I stumbled on the changes quite by accident, I like the new profile page.


----------



## LEFSElover

Yep, count me in on those confused.
This high tech stuff is mind boggling.
I did notice that colors don't work today.
That must be one of the things that is in the works.
I hope so anyway, as I love colors.
I also love centering my posts but others don't like it when I do that.
Wondering why.
It's not hard for me to read wonder why it's hard for others to mull through.
We'll see how this works in a few days.
This oughta be fun.............


----------



## luvs

thanks, geebs.


----------



## suziquzie

Did the chat room go away or am i blind?


----------



## pdswife

It does seem to be missing....


----------



## LEFSElover

suziquzie said:


> Did the chat room go away or am i blind?


what chat room?  I've been blind for some time I guess


----------



## kadesma

LEFSElover said:


> what chat room?  I've been blind for some time I guess


Lefse,
on the right side at the top the quick links when ckicked on revealed a flash chat..you clicked on that and it took you to a chat room.. It was fairly a new thing as of today it's missing ....Trying to find out where it went and if it will return.
kadesma


----------



## sattie

I skip one day and look what happens!!!!!   Apologies to all, the world of telecommunications calls.... I appreciate all my DC friends!


----------



## GB

We are compiling a list of features that are not working or missing. We have added chat to the list. Let us know if you see anything else that should be added.


----------



## suziquzie

smell-o-vision! 

sorry couldn't resist.


----------



## miniman

suziquzie said:


> smell-o-vision!
> 
> sorry couldn't resist.


 
That would be nice Suzie - not sure the technology is up to it. Just imagine - click on the dinner thread for the smells to be generated for each entry!


----------



## luvs

texasgirl said:


> Ok, please tell me what this friends thing is. Got requests from 2 very special people, and added them. What does it do? Anything special?


 

i'm curious, too.


----------



## kitchenelf

miniman said:


> That would be nice Suzie - not sure the technology is up to it. Just imagine - click on the dinner thread for the smells to be generated for each entry!



No, it doesn't "do" anything.  It's just a way of connecting.


----------



## suziquzie

Has anyone been told "no" to being added as a friend?
Wouldn't that just ruin your whole day? 
I'm afraid to ask anyone, I don't do rejection well.


----------



## kitchenelf

suziquzie said:


> Has anyone been told "no" to being added as a friend?
> Wouldn't that just ruin your whole day?
> I'm afraid to ask anyone, I don't do rejection well.
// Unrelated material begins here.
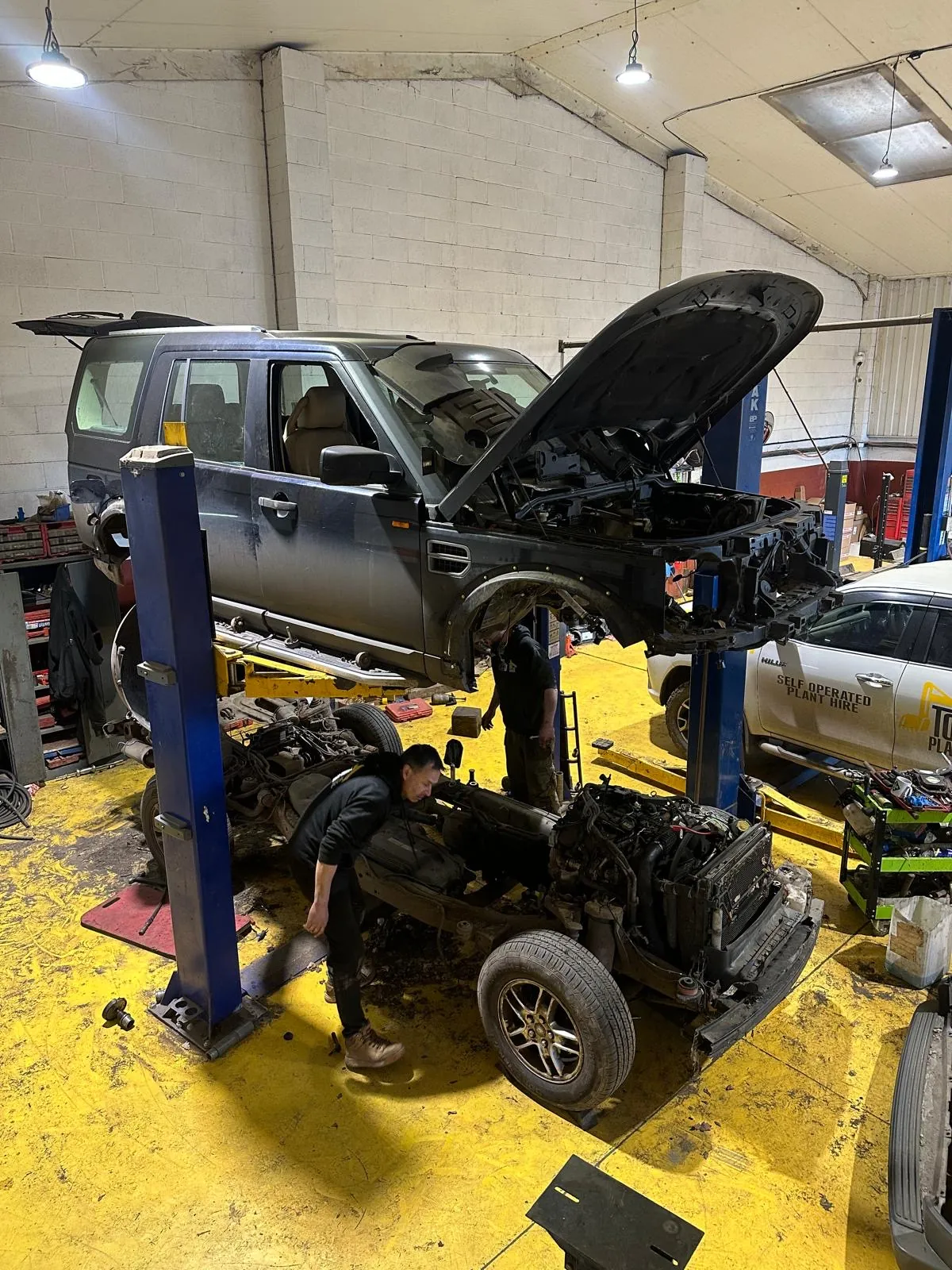 Vehicle undergoing substantial mechanical repair at Top Plant Garage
I believe you will find people who don't exactly know how to take this feature or what to do with it.  So instead of accepting they just won't do anything.  It's not "against" the person but more in line with "I'm afraid this will take up too much time and I only have so much time on here each day" kind of thing.  

When in fact, it really takes up no more time, and is just a way for people to openly connect.


----------



## GB

suziquzie said:


> Has anyone been told "no" to being added as a friend?
> Wouldn't that just ruin your whole day?
> I'm afraid to ask anyone, I don't do rejection well.


How could anyone say no to you???


----------



## suziquzie

LOL GB, you'd be amazed......
Have you met my children?


----------



## GB

LOL


----------



## TATTRAT

I wanna try the "break friendship" just to see what happens...but it seems so junior high.


----------



## kitchenelf

TATTRAT said:


> I wanna try the "break friendship" just to see what happens...but it seems so junior high.



You can break my friendship but you have to send the check back I had to pay you to BE my friend


----------



## TATTRAT

But I already spent it...


----------



## GB

You can spend that much money in one day???


----------



## TATTRAT

online gambling, ftw!


----------



## kitchenelf

Didn't know they had 5-cent tables!


----------



## Andy M.

kitchenelf said:


> Didn't know they had 5-cent tables!


 

They have penny slots, so anything is possible.


----------



## buckytom

i'm with squzie. 

i'd rather not know who doesn't want to be my friend. 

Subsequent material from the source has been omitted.